As others have already explained, "Däd i so" and "Damma so" translate to

Däd i so. = Täte ich so. = Würde ich so machen.
Damma so. = Tun wir so. = Machen wir so.

To provide a bit of context and help you understand dialect phrases on your on, I created a small dictionary of commonly shortened expressions. It includes mostly pronouns and variations of "tun", "gehen" and "sein". With that in mind, it shouldn't be too hard to decipher most dialect speech.


ich = i, ie
sie = se
wir = mir, ma, mr
ein = a
mein = mei, moi, ma
dein = dei, da
sein = sei, sa
deren = dennr

Variations of "tun"

täte = däd
tust du = tusch
tun wir = tamma, damma, demmr
tun sie = danse, dense

Variations of "gehen"

gehst du = gosch
geht es = gods
gehen wir = gamma, gammr, gemmr

Variations of "sein"

bin ich = benni
bist du = bisch
ist er = issr
ist sie = isse
ist es = ischs
sind wir = samma, sammr, semmr
seid ihr = sans, sands, seids, seidr
sind sie = sanse, sense

  • 1
    This is very useful, thanks. The dialect is SO STRONG. I struggle enough with German. Adding Tirolean on top is a nightmare. So just to check, "damma so" means "that's how we will do it" and "däd i so" means "that's how I would do it?
    – Delmontee
    Commented Oct 29, 2021 at 10:32
  • Yes, your translations are correct. A conversation like "Däd i so. - Damma so." translates to "That's how I would do it. - Okay, let's do it that way." (@James)
    – Rainer P.
    Commented Oct 29, 2021 at 10:46
  • As someone living in Klagenfurt and also struggling with the dialect, I also thank you!
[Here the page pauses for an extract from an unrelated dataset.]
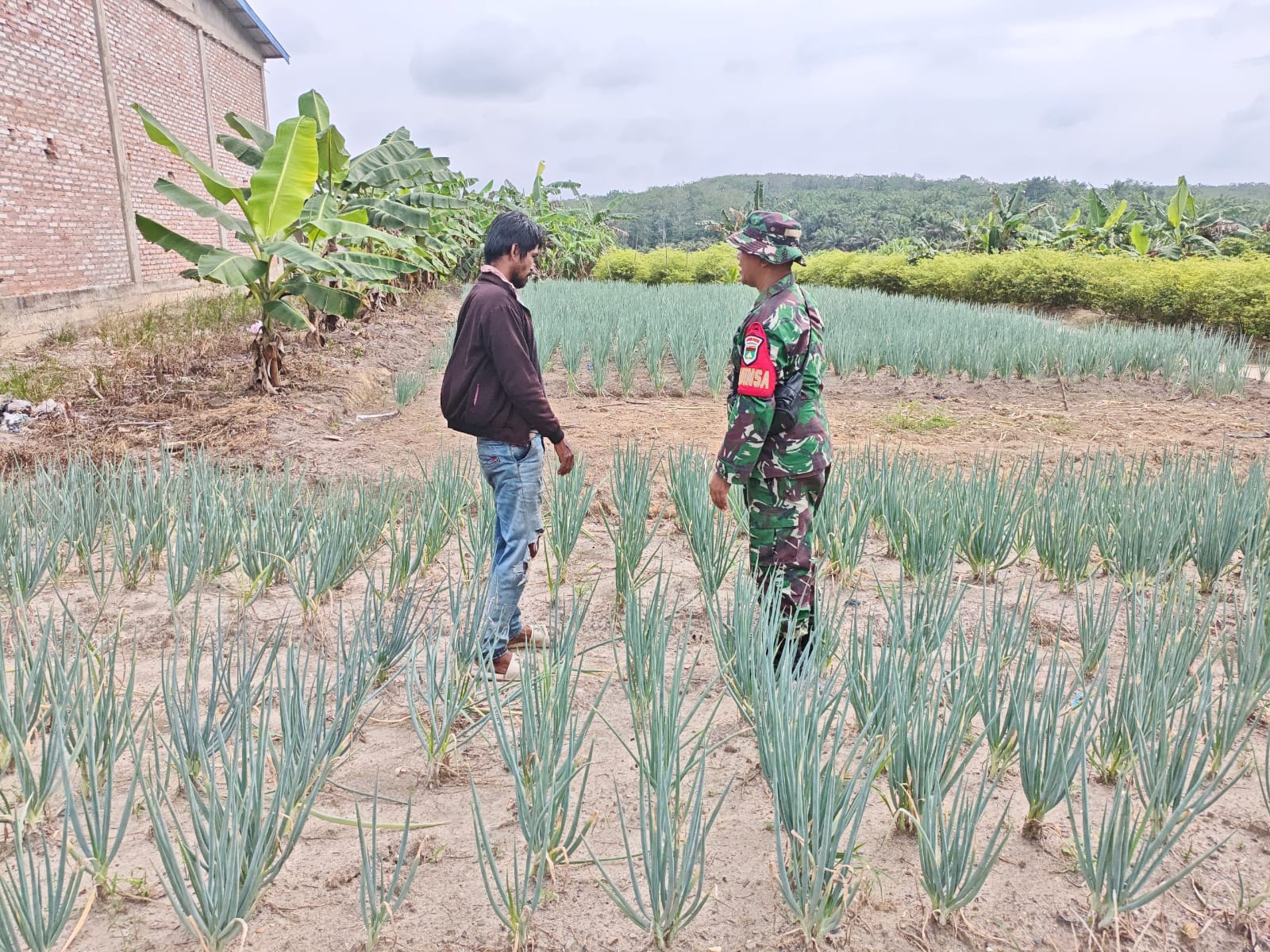 Babinsa Koramil 03/Bunut Dampingi Petani Rawat Bawang, Perkuat Ketahanan Pangan Desa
This is useful!
    – Mahm00d
    Commented Nov 1, 2021 at 14:22

In addition to what others have answered another possibility could be the following:

When you understood

  • "Da die so" and
  • "da ma' so"

it was in reality

  • "Dad i sogn" ("Täte ich sagen") and
  • "Dan ma sogn" ("Täten wir sagen").